Deshalb aber ermahnt er auch alle potenziellen Abweichler, nicht auszuscheren. Und nimmt ehemalige Abtrünnige generös auf, wenn sie denn Wohlverhalten zusichern. Wahlkämpfe ohne oder gegen die Bundespartei schadeten nur: „Wer es allein versucht, dann haben wir keinen Erfolg“, stellt Lindner etwas holperig fest. Und fügt ansatzlos hinzu: „Willkommen zurück Holger Zastrow, willkommen zurück liebe Sachsen.“ Die ostdeutschen Parteifreunde hatten ihren Landtagswahlkampf mit dezidiert anderen Positionen betrieben – und waren dennoch im Strudel des negativen Bundestrends untergegangen. Monatelang hatte sich der Sachse Zastrow deshalb aus dem Parteipräsidium zurückgezogen – nun will er wieder mittun.

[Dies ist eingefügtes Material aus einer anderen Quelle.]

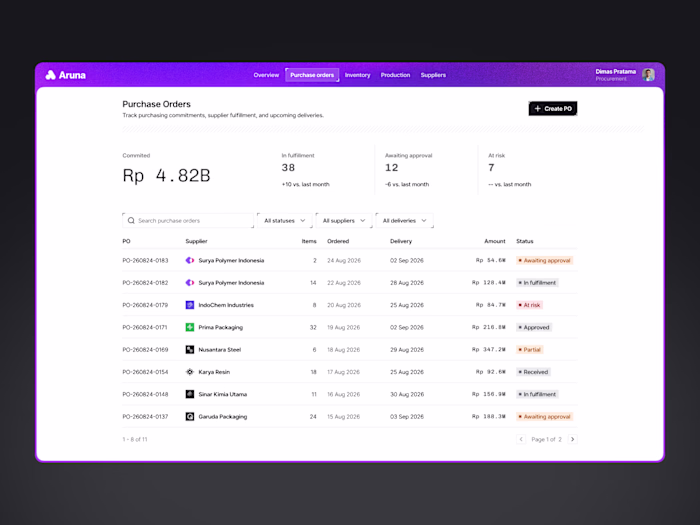 Aruna is a procurement management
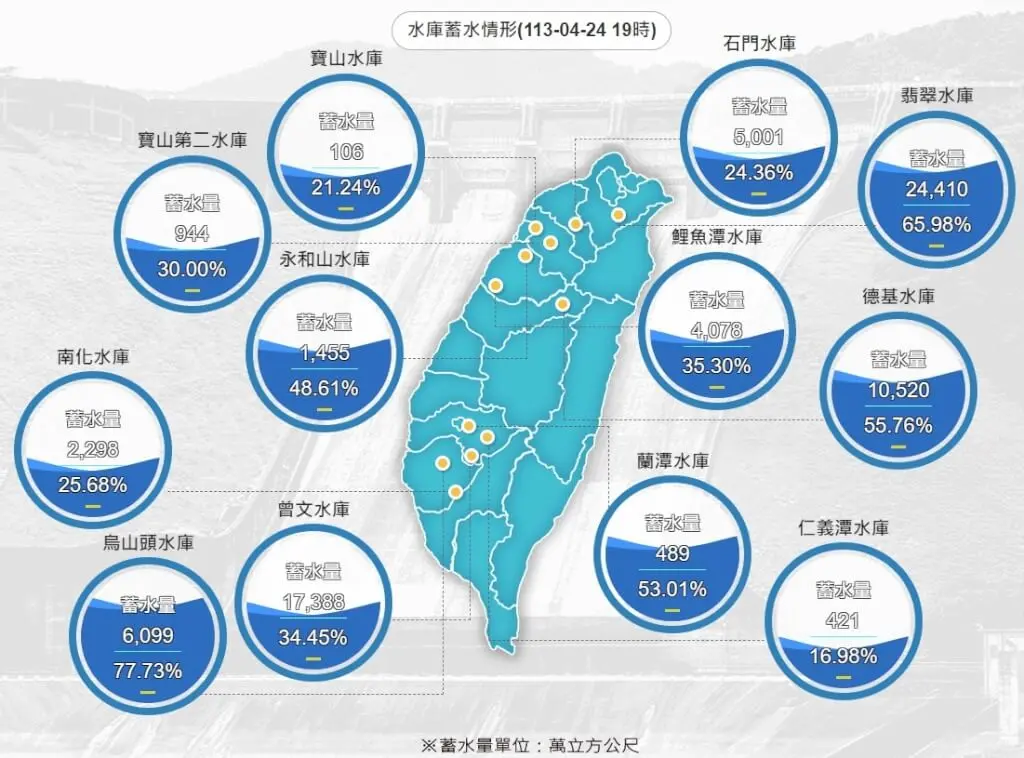 ▲24日19時全台水庫蓄水概況。（圖取自水利署網頁wra.gov.tw）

Beim letzten Parteitag hatten Zastrow und Lindner noch darüber gestritten, ob „Machete oder Florett“ die richtige Waffe für die politische Auseinandersetzung sei. Der Hamburger Bürgerschaftswahlkampf Anfang des Jahres, der erste unter neuer Optik und Ausrichtung, habe aber laut Lindner gezeigt, dass es für die FDP noch einen dritten Weg gäbe: „Nicht gegen etwas kämpfen, sondern für etwas. Verliebt ins Gelingen.“ Spitzenkandidatin Katja Suding sei damit „die Eisbrecherin für die FDP“. Und der Landtagswahlerfolg in Bremen vom vergangenen Wochenende mit der jungen Unternehmerin Lencke Steiner beweise: „Die Menschen sind bereit, uns eine neue Chancen einzuräumen.“ Den Freidemokraten müsse es gelingen, noch mehr Seiteneinsteiger wie die bis dato parteilose Steiner für eine Kandidatur zu gewinnen: „Wir betrachten es als ein Privileg, dass Menschen von außerhalb Partei für die Freiheit ergreifen“, ruft Lindner in den Saal. „An alle freiheitsliebenden Menschen in der Republik: Hier seid Ihr willkommen, jetzt ist der richtige Zeitpunkt, die Kraft der Freiheit zu stärken.“

Angesichts so viel ermutigender Zeichen möchte der Vorsitzende auch vermeiden, dass die bisherige Führungstruppe groß durcheinander gewirbelt wird. Deshalb lobt er auch seine Stellvertreterin Marie-Agnes Strack-Zimmermann über alle Maßen. Ihr droht eine Kampfkandidatur des bayerischen Landeschefs Albert Duin. Der Vollblutunternehmer mit dem Zeug zum Volkstribun möchte gern gegen die Kommunalpolitikerin aus Düsseldorf antreten, die auch im eigenen Landesverband nicht überall beliebt ist. Aber sie ist Lindners Erfindung, was ihr das Amt retten könnte – schließlich will niemand den großen Vorsitzenden beschädigen.